Hot Chicken Salad in Avocado

Ingredients:
  • 2 cups chopped cooked chicken
  • 1/2 cup mayo or Miracle Whip
  • 2 medium avocados, halved and peeled
  • 1 tsp. lemon juice
  • 2 tbsp. grated parmesan cheese
Directions:
  1. Preheat oven to 350 degrees. 
  2. Combine chicken and mayo and mix well. 
  3. Brush the avocados with the lemon juice. 
  4. Spoon chicken salad into the avocado and place in a baking dish. 
  5. Top with the cheese. Bake for 30 minutes.
You can make the chicken salad any way you prefer. Some like to add other ingredients. I don't normally.

Tuesday, January 10, 2012

Omelet Muffin Cups

Omelet Muffin Cups

Nice brunch for company or breakfast if you like.

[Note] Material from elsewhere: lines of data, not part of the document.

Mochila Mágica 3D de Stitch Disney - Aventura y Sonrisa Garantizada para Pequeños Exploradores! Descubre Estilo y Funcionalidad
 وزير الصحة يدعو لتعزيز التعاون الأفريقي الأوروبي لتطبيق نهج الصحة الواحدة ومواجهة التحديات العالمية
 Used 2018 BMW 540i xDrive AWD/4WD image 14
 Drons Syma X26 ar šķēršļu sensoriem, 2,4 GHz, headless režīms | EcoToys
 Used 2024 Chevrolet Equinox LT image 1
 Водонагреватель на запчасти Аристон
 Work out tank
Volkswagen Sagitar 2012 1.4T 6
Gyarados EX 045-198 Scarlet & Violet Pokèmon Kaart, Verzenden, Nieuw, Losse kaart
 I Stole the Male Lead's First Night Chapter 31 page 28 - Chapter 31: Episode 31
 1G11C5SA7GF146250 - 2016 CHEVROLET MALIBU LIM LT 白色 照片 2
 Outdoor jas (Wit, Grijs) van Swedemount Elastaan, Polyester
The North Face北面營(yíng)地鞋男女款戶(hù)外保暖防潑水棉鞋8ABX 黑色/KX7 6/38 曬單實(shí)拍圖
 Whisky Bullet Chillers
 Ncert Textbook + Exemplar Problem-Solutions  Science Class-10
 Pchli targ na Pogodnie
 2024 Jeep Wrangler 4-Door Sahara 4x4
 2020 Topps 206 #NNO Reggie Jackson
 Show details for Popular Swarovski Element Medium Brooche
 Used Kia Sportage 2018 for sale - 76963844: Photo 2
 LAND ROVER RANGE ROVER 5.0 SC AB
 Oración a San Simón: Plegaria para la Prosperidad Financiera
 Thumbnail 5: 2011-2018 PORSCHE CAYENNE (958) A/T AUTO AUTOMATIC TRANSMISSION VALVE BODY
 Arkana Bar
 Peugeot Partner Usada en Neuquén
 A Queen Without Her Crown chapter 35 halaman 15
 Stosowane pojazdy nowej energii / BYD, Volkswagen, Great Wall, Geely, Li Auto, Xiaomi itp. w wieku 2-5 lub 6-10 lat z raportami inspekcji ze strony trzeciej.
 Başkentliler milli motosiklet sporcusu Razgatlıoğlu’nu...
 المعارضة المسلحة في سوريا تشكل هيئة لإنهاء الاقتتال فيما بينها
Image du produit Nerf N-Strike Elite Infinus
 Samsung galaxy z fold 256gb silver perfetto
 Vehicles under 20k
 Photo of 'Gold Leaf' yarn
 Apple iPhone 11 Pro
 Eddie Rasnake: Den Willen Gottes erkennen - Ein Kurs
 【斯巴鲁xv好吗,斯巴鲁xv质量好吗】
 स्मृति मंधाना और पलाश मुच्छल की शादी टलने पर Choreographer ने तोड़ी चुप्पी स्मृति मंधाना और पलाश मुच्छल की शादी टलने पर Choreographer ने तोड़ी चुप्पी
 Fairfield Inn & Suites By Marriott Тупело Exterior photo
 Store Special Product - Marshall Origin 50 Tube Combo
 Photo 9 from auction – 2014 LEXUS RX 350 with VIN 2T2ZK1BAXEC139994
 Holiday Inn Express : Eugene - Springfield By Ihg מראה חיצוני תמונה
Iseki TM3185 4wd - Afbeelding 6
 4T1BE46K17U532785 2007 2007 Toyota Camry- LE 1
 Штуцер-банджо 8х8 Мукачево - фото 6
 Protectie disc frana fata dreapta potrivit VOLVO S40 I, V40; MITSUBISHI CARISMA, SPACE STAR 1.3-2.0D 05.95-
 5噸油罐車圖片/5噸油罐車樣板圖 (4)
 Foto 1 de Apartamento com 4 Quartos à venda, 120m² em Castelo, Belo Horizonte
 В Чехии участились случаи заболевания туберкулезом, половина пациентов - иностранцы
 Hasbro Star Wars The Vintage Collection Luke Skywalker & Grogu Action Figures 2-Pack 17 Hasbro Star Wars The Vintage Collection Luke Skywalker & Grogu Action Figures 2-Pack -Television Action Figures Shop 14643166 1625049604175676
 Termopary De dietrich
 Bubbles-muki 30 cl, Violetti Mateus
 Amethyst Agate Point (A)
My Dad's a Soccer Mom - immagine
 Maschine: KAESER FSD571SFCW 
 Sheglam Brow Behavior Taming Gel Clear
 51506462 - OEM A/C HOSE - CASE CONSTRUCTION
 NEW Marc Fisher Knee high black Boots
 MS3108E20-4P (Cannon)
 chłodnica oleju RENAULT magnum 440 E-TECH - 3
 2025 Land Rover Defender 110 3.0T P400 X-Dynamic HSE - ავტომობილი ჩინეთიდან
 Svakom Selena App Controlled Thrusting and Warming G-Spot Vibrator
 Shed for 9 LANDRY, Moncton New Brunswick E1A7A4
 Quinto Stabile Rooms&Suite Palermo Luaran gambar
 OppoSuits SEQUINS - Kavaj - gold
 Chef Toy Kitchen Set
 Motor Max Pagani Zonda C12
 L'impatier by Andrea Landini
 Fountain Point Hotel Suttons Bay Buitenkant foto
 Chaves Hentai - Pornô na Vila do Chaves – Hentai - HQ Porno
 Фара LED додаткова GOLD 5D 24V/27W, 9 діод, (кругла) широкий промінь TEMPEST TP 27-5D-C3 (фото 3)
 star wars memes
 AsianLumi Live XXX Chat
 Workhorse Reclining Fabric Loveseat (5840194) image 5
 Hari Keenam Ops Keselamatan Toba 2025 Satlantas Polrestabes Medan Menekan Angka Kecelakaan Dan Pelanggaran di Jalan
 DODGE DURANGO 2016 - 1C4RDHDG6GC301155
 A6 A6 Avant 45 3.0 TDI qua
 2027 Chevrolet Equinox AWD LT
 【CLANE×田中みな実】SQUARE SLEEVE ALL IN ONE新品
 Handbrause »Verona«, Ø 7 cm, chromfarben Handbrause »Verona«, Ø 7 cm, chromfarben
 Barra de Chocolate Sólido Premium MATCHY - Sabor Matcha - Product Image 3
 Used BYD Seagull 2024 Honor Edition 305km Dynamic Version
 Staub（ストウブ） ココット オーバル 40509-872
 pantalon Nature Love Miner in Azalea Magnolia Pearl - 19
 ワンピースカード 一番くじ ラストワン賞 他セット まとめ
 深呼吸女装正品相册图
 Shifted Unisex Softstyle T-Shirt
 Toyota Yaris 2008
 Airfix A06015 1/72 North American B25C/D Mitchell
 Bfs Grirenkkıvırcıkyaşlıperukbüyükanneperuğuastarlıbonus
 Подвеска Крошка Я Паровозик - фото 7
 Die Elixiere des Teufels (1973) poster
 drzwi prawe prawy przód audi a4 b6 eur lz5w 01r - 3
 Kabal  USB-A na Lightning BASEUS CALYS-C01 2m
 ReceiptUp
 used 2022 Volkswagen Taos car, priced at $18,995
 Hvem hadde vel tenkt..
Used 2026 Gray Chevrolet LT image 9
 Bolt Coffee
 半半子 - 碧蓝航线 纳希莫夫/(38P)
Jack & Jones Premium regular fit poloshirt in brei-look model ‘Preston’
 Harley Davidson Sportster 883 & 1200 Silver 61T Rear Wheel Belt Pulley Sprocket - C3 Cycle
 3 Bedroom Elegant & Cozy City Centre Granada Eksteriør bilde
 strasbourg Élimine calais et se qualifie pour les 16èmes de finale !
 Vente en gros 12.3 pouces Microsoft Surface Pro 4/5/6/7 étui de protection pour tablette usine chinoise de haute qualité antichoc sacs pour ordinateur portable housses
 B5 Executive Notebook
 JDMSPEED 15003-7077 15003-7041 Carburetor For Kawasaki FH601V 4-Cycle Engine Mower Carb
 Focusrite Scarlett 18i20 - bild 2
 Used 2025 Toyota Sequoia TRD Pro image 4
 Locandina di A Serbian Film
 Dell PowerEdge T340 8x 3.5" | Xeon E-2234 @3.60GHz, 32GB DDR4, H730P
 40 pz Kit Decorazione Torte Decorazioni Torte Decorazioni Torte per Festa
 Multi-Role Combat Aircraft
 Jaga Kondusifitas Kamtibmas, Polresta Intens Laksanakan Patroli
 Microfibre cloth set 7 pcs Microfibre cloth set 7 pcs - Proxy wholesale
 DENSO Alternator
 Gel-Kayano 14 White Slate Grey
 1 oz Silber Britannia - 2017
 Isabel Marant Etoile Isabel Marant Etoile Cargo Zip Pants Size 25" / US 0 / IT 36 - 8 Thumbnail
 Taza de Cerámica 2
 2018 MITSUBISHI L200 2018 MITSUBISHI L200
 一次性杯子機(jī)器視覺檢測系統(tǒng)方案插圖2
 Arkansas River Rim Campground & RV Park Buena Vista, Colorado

Ingredients (amount depends on number of muffins being served)

  • Butter or spray
  • eggs
  • milk
  • omelet ingredients to taste
    • crumbled bacon
    • hamburger or ground turkey (browned)
    • veggies
    • chopped green onion, red onion or Vidalia onion
    • frozen hash brown potatoes
  • sea salt
  • pepper
  • shredded cheese (mild cheddar, sharp cheddar, Mexican mix, Italian Mix)

Directions:

  1. Preheat oven to 350 degrees.
  2. Coat 4 nonstick muffin cups with butter or spray. 
  3. Melt butter and put into a large bowl. 
  4. Add omelet ingredients of choice
  5. Add 2 egg whites to the butter; add sea salt and pepper to taste and mix thoroughly. 
  6. Place 1/2 cup of the ingredients into each muffin cup, firmly pressing into bottom and side of each cup.
  7. Add the eggs.
  8. Top with cheese.
  9. Bake for 15-20 minutes

Monday, January 9, 2012

Broiled Halibut Steak

Broiled Halibut Steak

Ingredients:

  • 2 lbs. halibut steaks
  • 2 tbsp. fresh squeezed orange juice
  • 1 tbsp. orange zest
  • 1/2 tsp. Worchestershire sauce
  • 2 tbsp. butter
  • sea salt

Directions:

  1. Combine all ingredients and brush mixture over the steaks. 
  2. Cut butter into small pieces and scatter over the top of the steaks. 
  3. Place under the broiler until the fish meets your desired doneness. We prefer our fish well done - about 15 minutes.